▶ **Assigned task**
What you return should be the complete listing, unchanged, with no pictures in it.

+===+

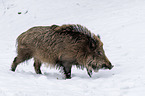 Wildschwein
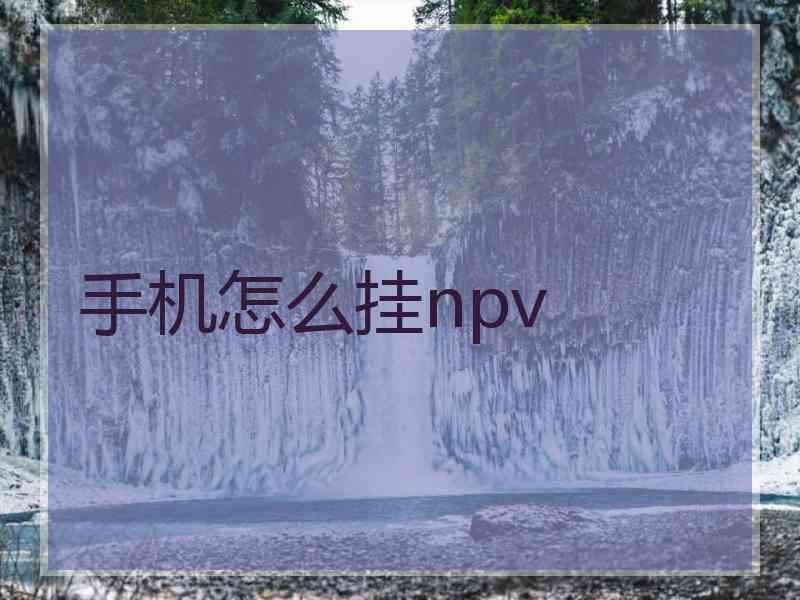 手机怎么挂npv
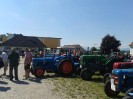25_steinhaus_wels_ott_092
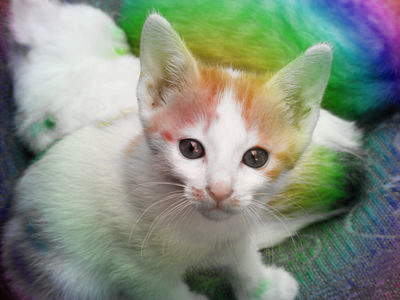 Our kitten, now in rainbow colors
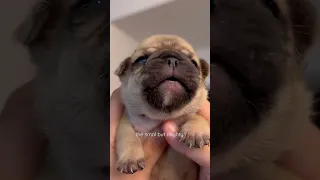 Frenchie puppies crying (sad boy hour 😭)  #shorts #puppies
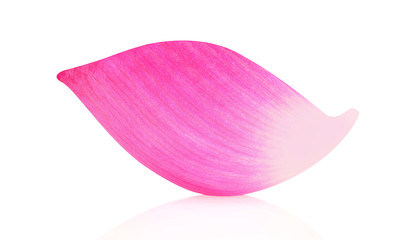 Lotus flower petal on white background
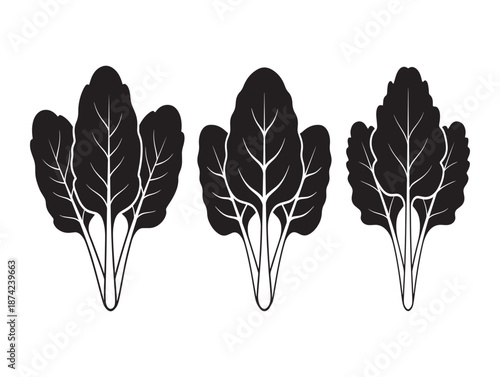 Black and white illustration of three leafy greens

+===+

▶ **Response for this exercise**
 Wildschwein
 手机怎么挂npv
25_steinhaus_wels_ott_092
 Our kitten, now in rainbow colors
 Frenchie puppies crying (sad boy hour 😭)  #shorts #puppies
 Lotus flower petal on white background
 Black and white illustration of three leafy greens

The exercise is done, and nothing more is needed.